Any style of edge that curves downward like the bullnose is often referred to as a Waterfall Edge. The laminate or cut stone curves down from the top edge and falls toward the floor. This method of easing can take on endless forms from the full, to half, to double bullnose and more.

Ogee Edge

When the traditional look is what you're after, you might want to consider the ogee cut. It is made by combining two arc grooves in opposite directions to create a subtle "s" profile. This is considered the edge to use when a touch of elegance is desired. It too can take on many transformations by adding deeper or additional grooves in either direction. The multiple ridges mean it takes a little more effort to keep clean, and although the lines are often softened, it may still get uncomfortable for arms to rest on them for any period of time.

Other Edges

Marine - This edge is just what you think it is. A lip is raised along the perimeter of the counter much like is found on ship counters. The marine edge can be very attractive and is extremely practical, making it almost impossible for spills to hit the floor.

DuPont - A spin-off of sorts from the ogee style.

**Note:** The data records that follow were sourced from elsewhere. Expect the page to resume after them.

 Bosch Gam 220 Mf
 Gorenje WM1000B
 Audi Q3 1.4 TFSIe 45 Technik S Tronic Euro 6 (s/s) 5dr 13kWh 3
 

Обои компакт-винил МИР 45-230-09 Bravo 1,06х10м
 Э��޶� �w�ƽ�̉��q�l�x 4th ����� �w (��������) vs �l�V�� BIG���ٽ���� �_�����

Instead of beginning with an arc at the top edge, the DuPont starts with a straight vertical cut before meeting a bullnose styled bottom. Like the ogee it adds an air of elegance to a room.

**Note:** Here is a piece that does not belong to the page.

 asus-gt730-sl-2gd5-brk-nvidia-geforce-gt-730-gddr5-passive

Cove - A single concave arc, the opposite of a bullnose arc, is followed by a sharp vertical cut to the bottom in the cove edge. A simple, tasteful design.

Chisel - For stone countertops this is the rustic look. The stone appears as if it were just chiseled from its natural surroundings, maintaining its rough-hewn edge. A very appealing tactile effect.

Conclusion

By mixing and matching curves and hard angles almost any edge can be created for your kitchen countertop. If you stick with available stock cuts, you will save money. If you want to be creative, and cost is not a concern, consider a custom approach to make your kitchen countertop distinctive. Its the little things that can add zest to life; and in your kitchen that spark just might come from your choice of a countertop edge style.